- Born: August 29, 1908 New York City, U.S.
- Died: December 1987 (aged 79)
- Other names: Mike Costello Big Mike
- Occupations: Labor organizer, business agent (International Longshoremen's Association)
- Known for: Controlling the East River waterfront of Manhattan
- Criminal status: Convicted
- Allegiance: Genovese crime family
- Criminal charge: Extortion, conspiracy to violate federal liquor laws, perjury, Racketeer Influenced and Corrupt Organizations Act (RICO) violations, tax evasion
- Penalty: 5 years (1953) 20 years (1979)

= Michael Clemente =

American mobster

Michael Clemente (August 29, 1908 – December 1987), (also known as Mike Costello or Big Mike), was a New York mobster in the Genovese crime family who became a major force in controlling the East River waterfront of Manhattan from the 1940s to 1979. His principal territory was between piers 36 and 42. In 1943, Clemente, who was a Caporegime of Joseph Lanza, took over his boss's waterfront rackets at the Fulton Fish Market on the East River when "Socks" Lanza went to prison for 7½ years for extortion.

==Biography==
Born in New York City, Clemente lived in Brooklyn. He married Josephine Tresonte and was the father of three daughters. His official jobs included labor organizer, secretary, and business agent for Manhattan Local 856 of the International Longshoremen's Association (ILA). Clemente's criminal record included rape, assault, disorderly conduct, extortion, conspiracy to violate federal liquor laws, and perjury.

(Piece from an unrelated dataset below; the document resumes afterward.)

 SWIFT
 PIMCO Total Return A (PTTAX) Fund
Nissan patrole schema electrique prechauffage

Originally a lieutenant in a crew of Rocco Pellegrino, Clemente used his power at the waterfront to extort money from shipping companies and the companies that loaded and unloaded cargo. At one point, the president of a company managing stevedores paid Clemente $11,000 for one of his daughter's weddings. In 1953, Clemente was convicted of extortion, removed from office at the ILA local, and sent to prison for five years. After his release, he exercised control at the ILA through his surrogates.

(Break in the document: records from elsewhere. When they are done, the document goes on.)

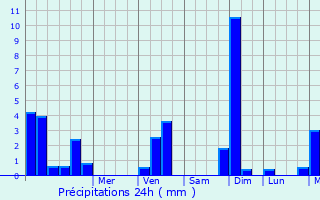 Graphique des précipitations prvues pour caillon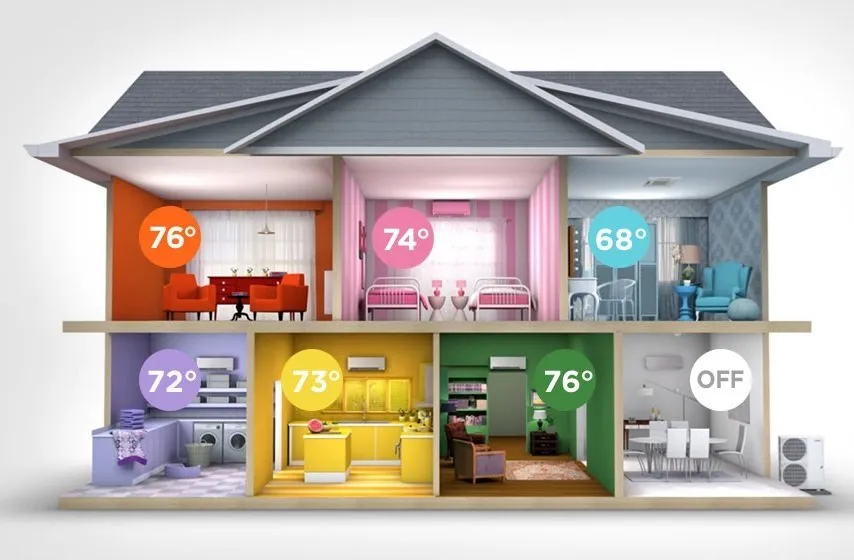 Slide of SimpliComfort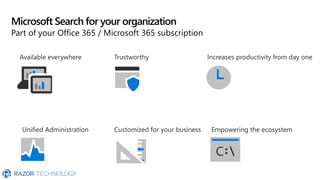 Microsoft Search for your organization
Part of your Office 365 / Microsoft 365 subscription
Empowering the ecosystem
Increases productivity from day one
Trustworthy
Unified Administration
Available everywhere
Customized for your business
 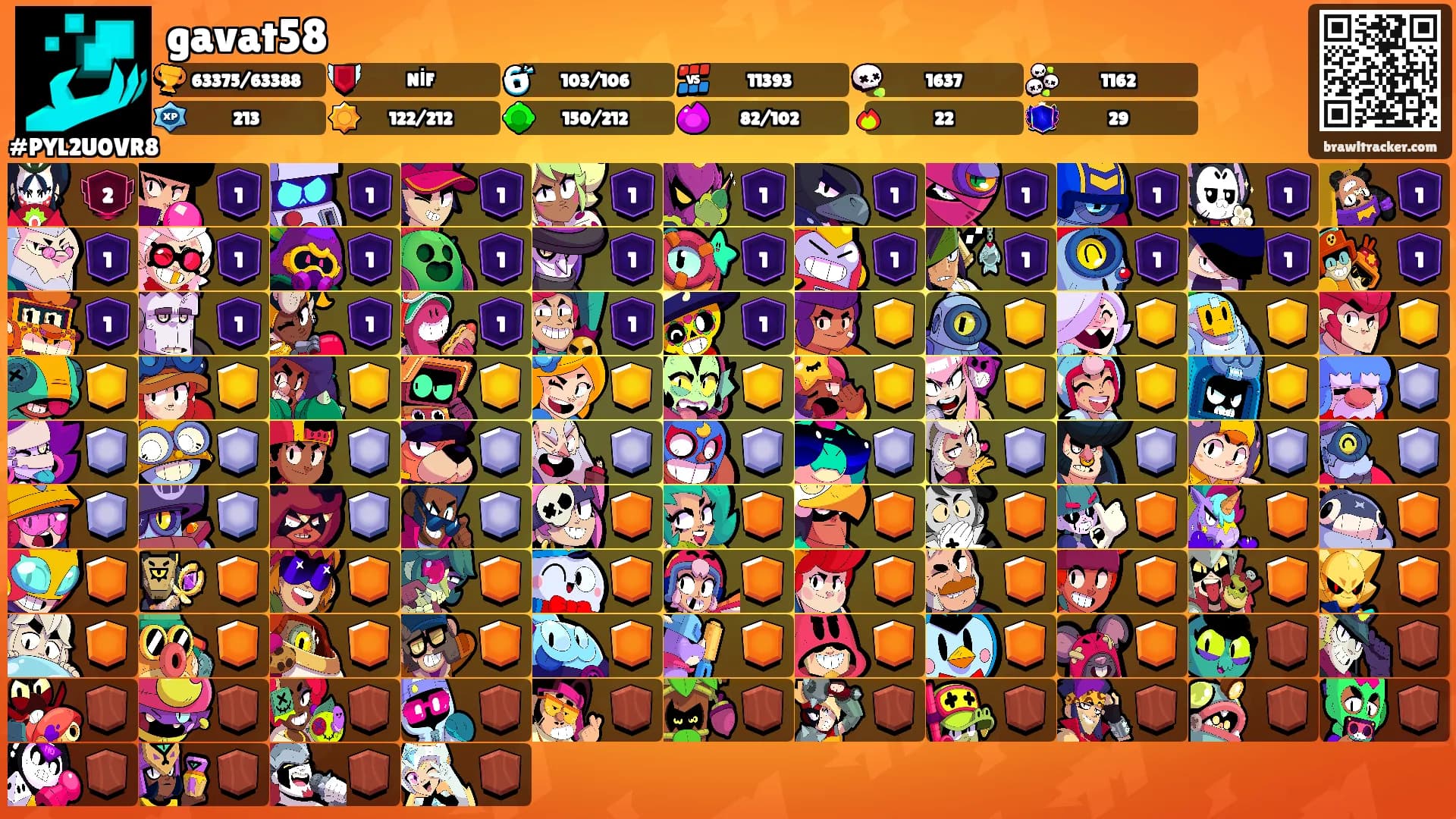 gavat58's Ranks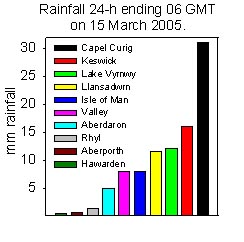 Rainfall accumulated 24-h up to 06 GMT on 15 March 2005. Internet sources.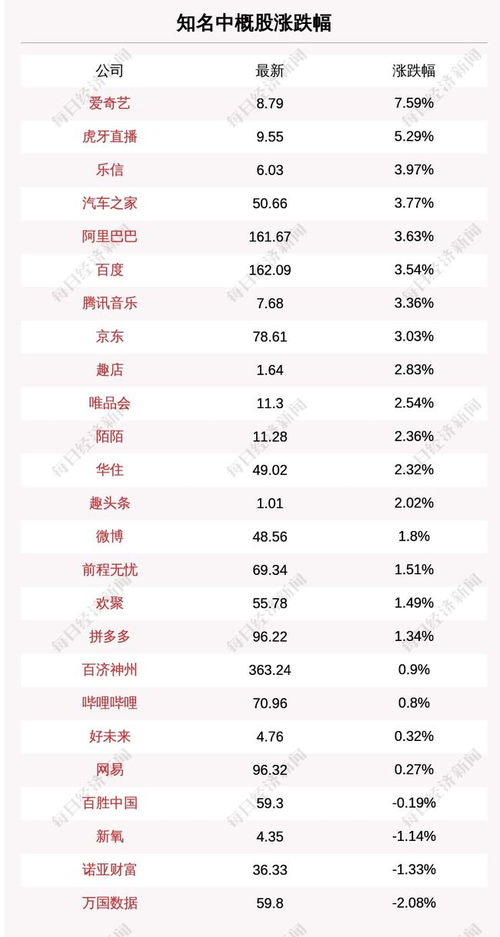 恒大財(cái)富提前贖回事件現(xiàn)進(jìn)展，美國與塔利班高層對(duì)話重啟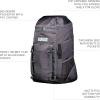 Russell Athletic Diamond Gear Backpack Navy OS(Stealth)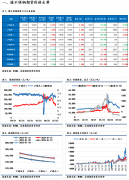 【和讯期货早报】海通期货-镍-7月25日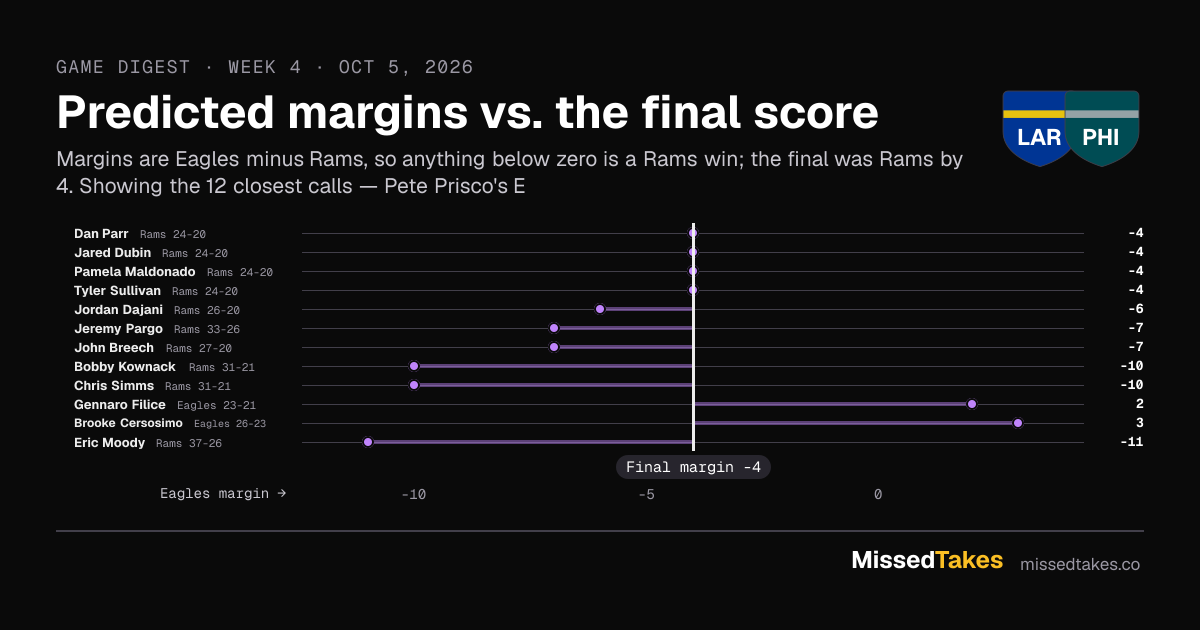 Predicted margins vs. the final score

In 1977, the government gained the cooperation of William Montella, a shipping company employee, and planted undercover surveillance devices in his office. Over the next two years, law enforcement recorded meetings there in which Clemente received payments from Montella. In 1979, Clemente was convicted on Racketeer Influenced and Corrupt Organizations Act (RICO) charges including extortion and tax evasion and was sentenced to 20 years in federal prison.

On February 21, 1987, Clemente was released from prison. Clemente died in December 1987.

==In popular culture==
Clemente was reportedly the inspiration for the character of waterfront boss "Johnny Friendly", played by Lee J. Cobb, in the 1954 film On the Waterfront.